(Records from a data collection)
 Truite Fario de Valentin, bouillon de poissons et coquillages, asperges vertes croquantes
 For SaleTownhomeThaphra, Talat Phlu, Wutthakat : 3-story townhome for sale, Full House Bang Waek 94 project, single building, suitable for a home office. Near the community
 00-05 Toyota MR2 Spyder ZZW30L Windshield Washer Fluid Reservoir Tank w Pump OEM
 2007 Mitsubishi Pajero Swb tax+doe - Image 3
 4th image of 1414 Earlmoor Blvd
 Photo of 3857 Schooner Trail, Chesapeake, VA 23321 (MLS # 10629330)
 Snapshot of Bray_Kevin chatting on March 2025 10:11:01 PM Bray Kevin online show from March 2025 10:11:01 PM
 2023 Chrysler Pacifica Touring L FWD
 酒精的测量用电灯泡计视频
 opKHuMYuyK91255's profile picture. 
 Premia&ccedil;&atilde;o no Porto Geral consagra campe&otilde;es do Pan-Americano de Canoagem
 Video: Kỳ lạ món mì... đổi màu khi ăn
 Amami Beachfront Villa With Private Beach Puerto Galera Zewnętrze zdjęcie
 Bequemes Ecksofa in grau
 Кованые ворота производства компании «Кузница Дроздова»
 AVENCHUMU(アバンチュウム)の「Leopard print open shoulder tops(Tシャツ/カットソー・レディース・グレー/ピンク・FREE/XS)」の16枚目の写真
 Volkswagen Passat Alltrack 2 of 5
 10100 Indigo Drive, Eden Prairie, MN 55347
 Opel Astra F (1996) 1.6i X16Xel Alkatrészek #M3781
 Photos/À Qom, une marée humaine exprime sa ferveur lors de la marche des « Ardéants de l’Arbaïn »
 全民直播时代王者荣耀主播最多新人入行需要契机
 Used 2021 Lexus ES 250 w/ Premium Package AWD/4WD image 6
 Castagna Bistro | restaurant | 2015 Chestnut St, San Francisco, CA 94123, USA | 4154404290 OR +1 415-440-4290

◆ **TASK STATEMENT**
Reproduce, please, every line of the records above without alteration.

◆ **TASK SOLUTION**
 Truite Fario de Valentin, bouillon de poissons et coquillages, asperges vertes croquantes
 For SaleTownhomeThaphra, Talat Phlu, Wutthakat : 3-story townhome for sale, Full House Bang Waek 94 project, single building, suitable for a home office. Near the community
 00-05 Toyota MR2 Spyder ZZW30L Windshield Washer Fluid Reservoir Tank w Pump OEM
 2007 Mitsubishi Pajero Swb tax+doe - Image 3
 4th image of 1414 Earlmoor Blvd
 Photo of 3857 Schooner Trail, Chesapeake, VA 23321 (MLS # 10629330)
 Snapshot of Bray_Kevin chatting on March 2025 10:11:01 PM Bray Kevin online show from March 2025 10:11:01 PM
 2023 Chrysler Pacifica Touring L FWD
 酒精的测量用电灯泡计视频
 opKHuMYuyK91255's profile picture. 
 Premia&ccedil;&atilde;o no Porto Geral consagra campe&otilde;es do Pan-Americano de Canoagem
 Video: Kỳ lạ món mì... đổi màu khi ăn
 Amami Beachfront Villa With Private Beach Puerto Galera Zewnętrze zdjęcie
 Bequemes Ecksofa in grau
 Кованые ворота производства компании «Кузница Дроздова»
 AVENCHUMU(アバンチュウム)の「Leopard print open shoulder tops(Tシャツ/カットソー・レディース・グレー/ピンク・FREE/XS)」の16枚目の写真
 Volkswagen Passat Alltrack 2 of 5
 10100 Indigo Drive, Eden Prairie, MN 55347
 Opel Astra F (1996) 1.6i X16Xel Alkatrészek #M3781
 Photos/À Qom, une marée humaine exprime sa ferveur lors de la marche des « Ardéants de l’Arbaïn »
 全民直播时代王者荣耀主播最多新人入行需要契机
 Used 2021 Lexus ES 250 w/ Premium Package AWD/4WD image 6
 Castagna Bistro | restaurant | 2015 Chestnut St, San Francisco, CA 94123, USA | 4154404290 OR +1 415-440-4290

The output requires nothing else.